● **WORK INSTRUCTIONS**
Everything in the listing below must be duplicated exactly.

● **SUPPLIED MATERIAL**

********************

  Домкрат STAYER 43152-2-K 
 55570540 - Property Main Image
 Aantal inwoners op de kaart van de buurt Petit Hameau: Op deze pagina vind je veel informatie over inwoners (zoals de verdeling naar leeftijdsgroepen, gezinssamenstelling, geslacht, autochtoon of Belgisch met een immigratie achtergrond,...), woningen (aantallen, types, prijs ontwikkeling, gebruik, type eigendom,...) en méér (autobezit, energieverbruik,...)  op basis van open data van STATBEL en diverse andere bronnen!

********************

● **FINAL ANSWER**
  Домкрат STAYER 43152-2-K 
 55570540 - Property Main Image
 Aantal inwoners op de kaart van de buurt Petit Hameau: Op deze pagina vind je veel informatie over inwoners (zoals de verdeling naar leeftijdsgroepen, gezinssamenstelling, geslacht, autochtoon of Belgisch met een immigratie achtergrond,...), woningen (aantallen, types, prijs ontwikkeling, gebruik, type eigendom,...) en méér (autobezit, energieverbruik,...)  op basis van open data van STATBEL en diverse andere bronnen!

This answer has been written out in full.